Here’s something to remember when it comes to risk management… an unlikely outcome is not the same as an impossible one.
For a good example, let’s look at some sports betting action from the NFL playoff game between the Los Angeles Chargers and Jacksonville Jaguars on January 14th. The pivotal moment came with just over 4 minutes left in the 2nd quarter. The Chargers had just kicked a field goal to take a 27-0 lead over the Jaguars. At that point in the game, the Chargers’ win probability was somewhere around 98%. A win by the Jaguars was very unlikely. But as we all know about sports, miracle comebacks can happen.
However, one Chargers fan decided that unlikely did in fact equal impossible. And this fan spotted an opportunity to harvest some easy money by placing a $1,400,000 bet that the Chargers would win the game. However, because the odds already favored the Chargers, the net payout or return on this investment was pretty paltry… $11,200.
Just let that sink in for a moment. This person put $1,400,000 at risk in order to earn $11,200! In percentage terms, they put 100% of their money at risk to earn a measly 0.80%. That’s pretty crazy!
Unfortunately, luck was not on the side of this individual. The Jaguars indeed completed a miraculous comeback and won the game 31-30. And the bettor lost the entire $1,400,000.
Repeat it with me this time… unlikely does not equal impossible.
Risk Management is crucial
Whether you are betting on sports or investing for retirement, risk management is crucial. Warren Buffett famously has two rules when it comes to investing:
1) Don’t lose money
2) Don’t forget Rule #1
Many people take these rules literally and say, “That’s impossible, how can you never lose money when the stock market goes up and down all the time?”
However, Buffett’s main point wasn’t to say that the value of your investments will never go down over the short-term, but rather that an investor should never put themselves in a position where the value of an investment will go down permanently. The individual who placed the bet on the Chargers violated Rule #1… they put their investment capital at risk of being lost forever, and that is exactly what happened.
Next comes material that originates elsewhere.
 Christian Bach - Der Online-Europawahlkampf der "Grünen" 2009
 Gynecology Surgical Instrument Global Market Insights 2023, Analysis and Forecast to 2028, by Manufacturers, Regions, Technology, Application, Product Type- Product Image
Another error to point out is that the bettor also failed to consider other profit opportunities. For instance, the bettor could have earned $11,200 with very little risk by buying a short-term Treasury Bill and holding it for about 2 months. What’s more, depending on what state this individual lived in, they would have done even better on an after-tax basis as interest on US Treasuries is exempt from state taxes, but gambling winnings are not. Granted, buying a Treasury Bill doesn’t have the same excitement factor as betting on a football game.
The lesson here is that we ignore risk management at out peril. Seemingly small risks can explode into major issues if not addressed. I’m optimistic that this Chargers fan will be able to bounce back from losing $1,400,000. The rest of us, however, should stay laser focused on managing risk and making sound decisions.